* What is being asked *
When you reach the line below that has "Hann. Muenden Fliegeraufnahme", start returning lines exactly, and stop after the line that has "4 Piezas Tornillo"; skip the pictures.

* Data for processing *
- Opening Delimiter -

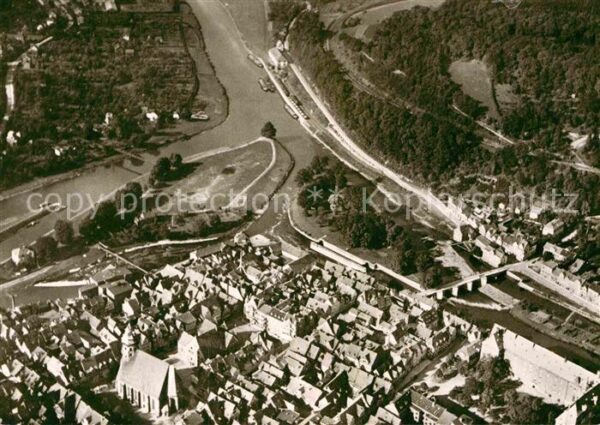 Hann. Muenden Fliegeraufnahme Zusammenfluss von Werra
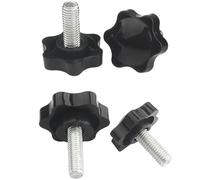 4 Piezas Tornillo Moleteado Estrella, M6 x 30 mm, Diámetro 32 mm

- Closing Delimiter -
- Opening Delimiter -

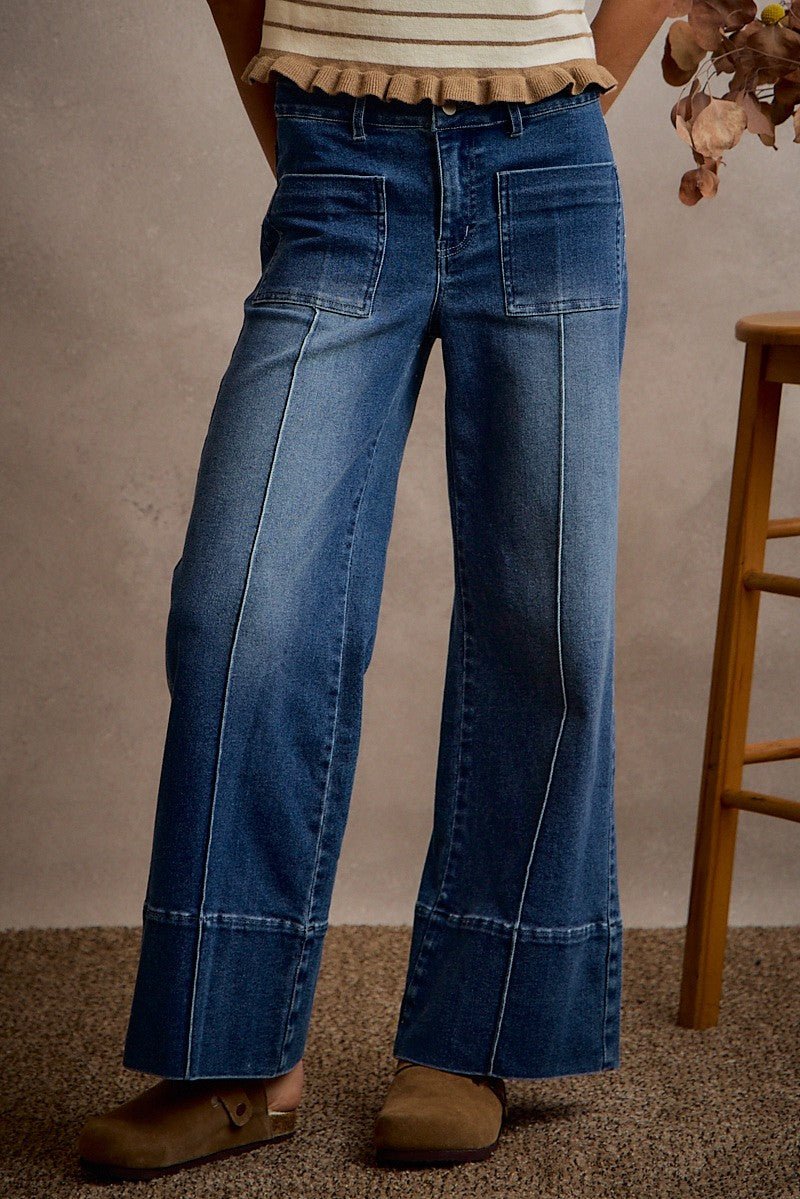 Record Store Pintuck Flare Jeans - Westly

- Closing Delimiter -

* Solution to the exercise *
 Hann. Muenden Fliegeraufnahme Zusammenfluss von Werra
 4 Piezas Tornillo Moleteado Estrella, M6 x 30 mm, Diámetro 32 mm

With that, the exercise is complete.